§ Action item: Quote the entries below from the line with "οικόπεδο προς πώληση" through the line with "Apartamento ID.126 - Alquiler", both ends included, and only those lines.

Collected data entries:

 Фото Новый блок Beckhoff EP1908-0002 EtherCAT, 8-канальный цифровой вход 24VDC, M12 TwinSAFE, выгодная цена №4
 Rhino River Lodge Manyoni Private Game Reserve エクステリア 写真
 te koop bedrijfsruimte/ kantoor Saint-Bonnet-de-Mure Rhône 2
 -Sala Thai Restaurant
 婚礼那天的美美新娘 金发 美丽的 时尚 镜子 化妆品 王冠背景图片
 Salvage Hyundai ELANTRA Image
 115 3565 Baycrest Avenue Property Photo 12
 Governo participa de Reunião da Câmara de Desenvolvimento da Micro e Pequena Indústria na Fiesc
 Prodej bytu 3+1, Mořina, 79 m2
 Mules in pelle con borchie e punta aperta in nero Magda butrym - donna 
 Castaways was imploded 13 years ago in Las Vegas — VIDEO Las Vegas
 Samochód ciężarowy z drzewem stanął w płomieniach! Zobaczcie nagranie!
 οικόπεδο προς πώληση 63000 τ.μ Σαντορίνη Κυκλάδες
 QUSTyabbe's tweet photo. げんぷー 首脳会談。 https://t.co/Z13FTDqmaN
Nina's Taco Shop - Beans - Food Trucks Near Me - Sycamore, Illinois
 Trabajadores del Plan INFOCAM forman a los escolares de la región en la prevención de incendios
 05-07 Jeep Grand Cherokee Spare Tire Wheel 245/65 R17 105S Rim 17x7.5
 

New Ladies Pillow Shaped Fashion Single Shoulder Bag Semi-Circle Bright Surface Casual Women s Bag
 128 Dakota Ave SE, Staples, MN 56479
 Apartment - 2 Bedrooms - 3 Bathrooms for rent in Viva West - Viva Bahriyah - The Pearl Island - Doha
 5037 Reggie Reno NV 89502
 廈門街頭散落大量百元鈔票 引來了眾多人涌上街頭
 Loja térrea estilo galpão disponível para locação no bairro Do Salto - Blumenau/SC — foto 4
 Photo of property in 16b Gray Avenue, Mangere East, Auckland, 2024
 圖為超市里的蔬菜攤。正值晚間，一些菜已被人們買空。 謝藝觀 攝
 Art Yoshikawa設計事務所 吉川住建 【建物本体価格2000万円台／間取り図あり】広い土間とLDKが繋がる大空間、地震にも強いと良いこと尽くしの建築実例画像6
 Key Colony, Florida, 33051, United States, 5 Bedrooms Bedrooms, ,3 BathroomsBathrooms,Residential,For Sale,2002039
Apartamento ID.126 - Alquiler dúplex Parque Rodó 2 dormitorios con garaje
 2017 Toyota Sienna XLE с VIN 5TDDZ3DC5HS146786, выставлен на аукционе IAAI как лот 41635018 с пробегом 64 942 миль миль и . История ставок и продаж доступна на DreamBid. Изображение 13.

§ Task result:
 οικόπεδο προς πώληση 63000 τ.μ Σαντορίνη Κυκλάδες
 QUSTyabbe's tweet photo. げんぷー 首脳会談。 https://t.co/Z13FTDqmaN
Nina's Taco Shop - Beans - Food Trucks Near Me - Sycamore, Illinois
 Trabajadores del Plan INFOCAM forman a los escolares de la región en la prevención de incendios
 05-07 Jeep Grand Cherokee Spare Tire Wheel 245/65 R17 105S Rim 17x7.5
 

New Ladies Pillow Shaped Fashion Single Shoulder Bag Semi-Circle Bright Surface Casual Women s Bag
 128 Dakota Ave SE, Staples, MN 56479
 Apartment - 2 Bedrooms - 3 Bathrooms for rent in Viva West - Viva Bahriyah - The Pearl Island - Doha
 5037 Reggie Reno NV 89502
 廈門街頭散落大量百元鈔票 引來了眾多人涌上街頭
 Loja térrea estilo galpão disponível para locação no bairro Do Salto - Blumenau/SC — foto 4
 Photo of property in 16b Gray Avenue, Mangere East, Auckland, 2024
 圖為超市里的蔬菜攤。正值晚間，一些菜已被人們買空。 謝藝觀 攝
 Art Yoshikawa設計事務所 吉川住建 【建物本体価格2000万円台／間取り図あり】広い土間とLDKが繋がる大空間、地震にも強いと良いこと尽くしの建築実例画像6
 Key Colony, Florida, 33051, United States, 5 Bedrooms Bedrooms, ,3 BathroomsBathrooms,Residential,For Sale,2002039
Apartamento ID.126 - Alquiler dúplex Parque Rodó 2 dormitorios con garaje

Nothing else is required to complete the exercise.